CORDELIA: ‘Hunter… hunter? Or is it the hunted…. Or haunted?’
One twin, Cordelia has unfortunately suffered a trauma. The other, Caroline has not. Caroline is stable, and tries to support her sister. However, both are rather self-absorbed, which doesn’t make it easy. Caroline goes away for the week end, and the neurosis ridden Cordelia has to fend for herself, and even though she’s clearly very anxious, swears she’ll be fine. And that’s where what might have been an interesting study of how one twin can go mad while another stays sane, makes its first detour from audience expectations. Not that there is anything wrong with this, but CORDELIA, continues to jump about with expectations, and because of this, relating or engaging with the central character could be rather tricky for some.
Also, Cordelia’s character, although well drawn, and earnestly played by Antonia Cambell-Hughes, is selfish, quite hard edged, neurotic, and generally unlikable. OK for a straight horror film, as often these types of characters are compelling, and we can empathize with them, but CORDELIA, is not really that either. The film sits somewhere between ghost story, psychological thriller and drama, and although down right weird and creepy at times, it often sacrifices substance for style or a trope.
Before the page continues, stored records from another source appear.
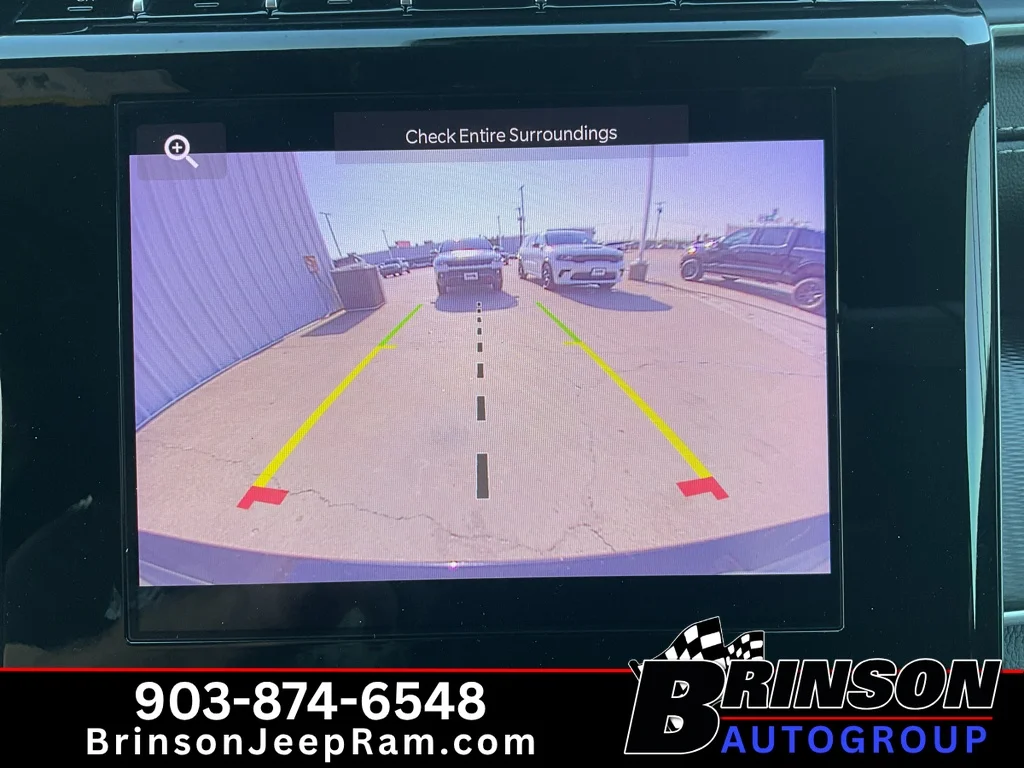 Used 2024 Diamond Black Crystal Pearlcoat Jeep Altitude image 29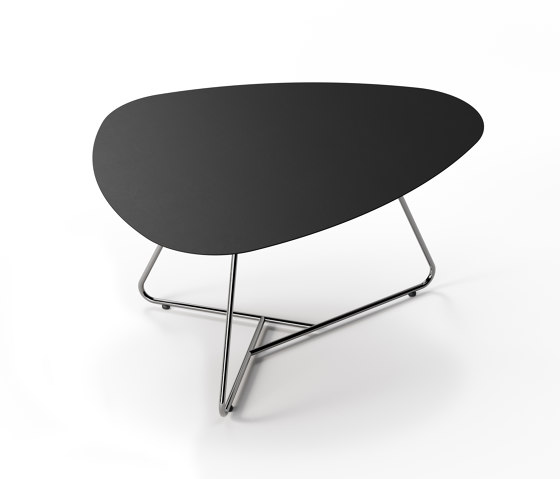 Yonda Lounge Table with a Sled Base (Height 42 cm) 322/6 | Tavolini bassi | Wilkhahn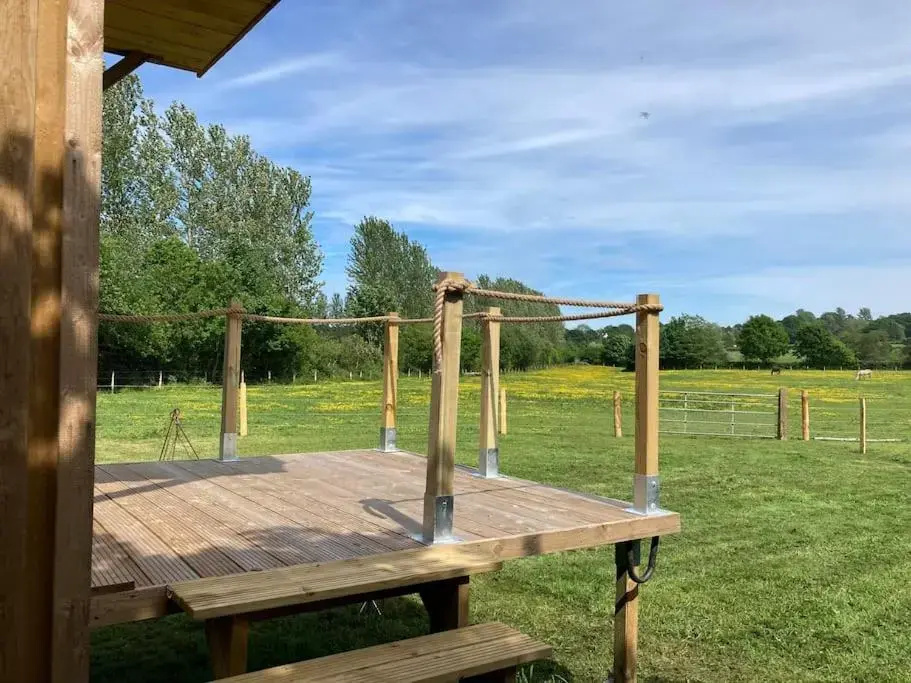 Neddys Rest Luxury Horsebox Stay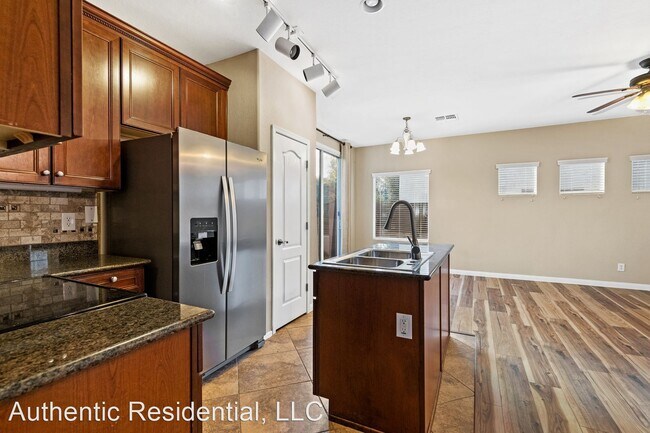 Foto del edificio - 3 br, 2.5 bath House - 4311 E Carla Vista Dr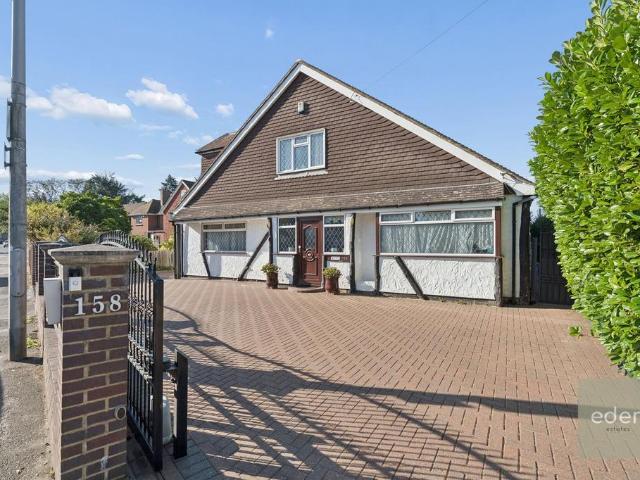 Bungalow for sale in Walderslade, Chatham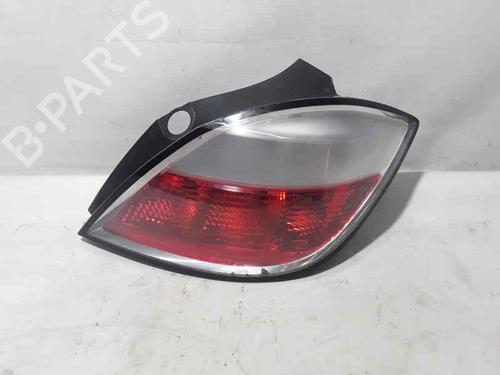 Used Right taillight OPEL ASTRA H (A04) [2004-2014]  4825911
Alas, the audience is left wondering why, which can be interesting depending on your point of view.
So, if mysteries and nests of plot points interest, then this is a good choice, and it is certainly a film to debate about after viewing. Posing far more questions than it answers and chasing off down several paths to do with guilt, grief and cruelty, and well as madness, the ‘why’ is the biggest question for Cordelia the character, and the film. Although, interestingly at times, CORDELIA almost feels like a set-up, a ‘prequel’ to series of films about crazy women. However, there is nothing crazy about the direction by Adrian Shergold, which is strong, experienced and clear.
What is also defined and works very well in the film is the strong cinematography, which is shot on 35mm. Clear, interesting lens choices and framing, by upcoming director of photography, Tony Slater Ling, give the film a coherence which helps, and point to strong collaboration with Adrian Shergold. Ling’s rather soft, filmic style throughout, knocks off the hard edges and helps the story.
The colouring is also a huge compliment to all that modern digital processes can provide for film. It lusciously compliments the slightly decayed, retro-style sets and gives atmosphere to the film. At 1 hour 28 minutes long is also the ideal warm up to a block-buster night in. So turn the lights down, pour yourself a glass of wine and see what you make of CORDELIA.
CORDELIA is in UK Cinemas from 23rd October 2020.